Il benessere di un cavallo atleta non deve finire con il termine della sua carriera agonistica. Che tale cavallo non possa finire al macello, oramai è legge (vedi link) , ma perché la conquista come diritti dei cavalli sia effettiva, occorrerebbero vigilanza e tracciabilità dei cavalli a fine carriera nello sport, e risorse strutturali per il ricollocamento. Purtroppo di questo non si parla nel decreto di riconoscimento di animali sportivi e cavallo atleta.

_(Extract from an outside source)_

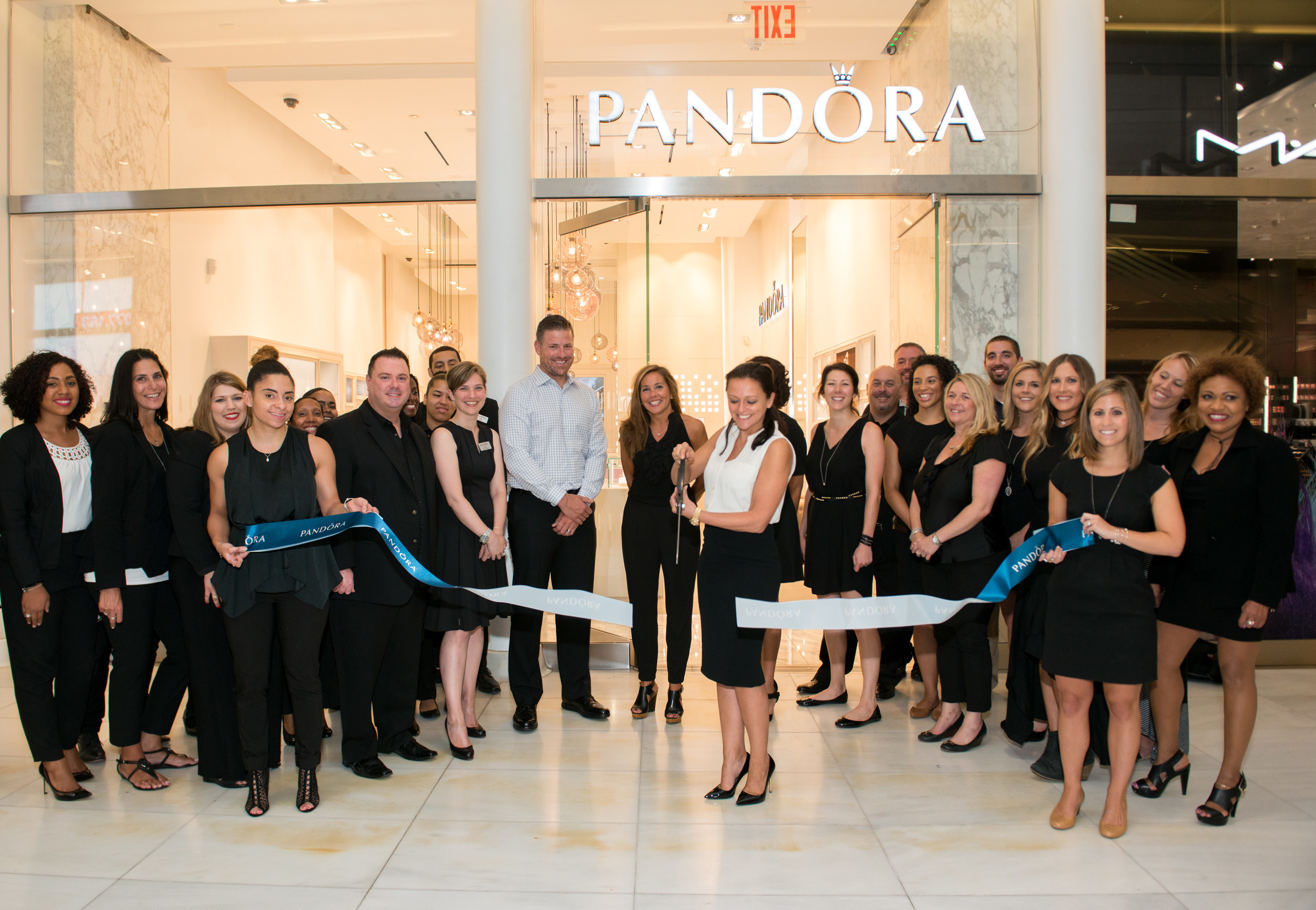 Laurie McDonald, General Manager, PANDORA Jewelry, U.S. Cuts Ribbon in Honor of PANDORA World Trade Center Grand Opening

Sono all'incirca 154.000 gli allevamenti di cavalli in Italia (dato fornito dalla BDN del 2020: Banca Dati Nazionale a cura del Ministero della Salute Italiano) e sarebbero divisi in questo orientamento produttivo secondo le già citate stime:

  • 24.473 gli ippici
  • 44.410 gli equestri
  • 60.122 i diporto
  • 3.998 quelli orientati al lavoro
  • 12.356 orientamento a carne

Il livello previsto di benessere per questi equini è stabilito dal Codice di Gestione e Benessere dell'equide elaborato dal Ministero della Salute. Questo codice di benessere fornisce informazioni sul livello di cura atteso cui dovrebbero conformarsi “volontariamente” i proprietari e detentori degli equini. Non ha valore di legge, né istituisce un fondo pensione o previdenza per i cavalli agonisti al termine del loro rendimento atletico.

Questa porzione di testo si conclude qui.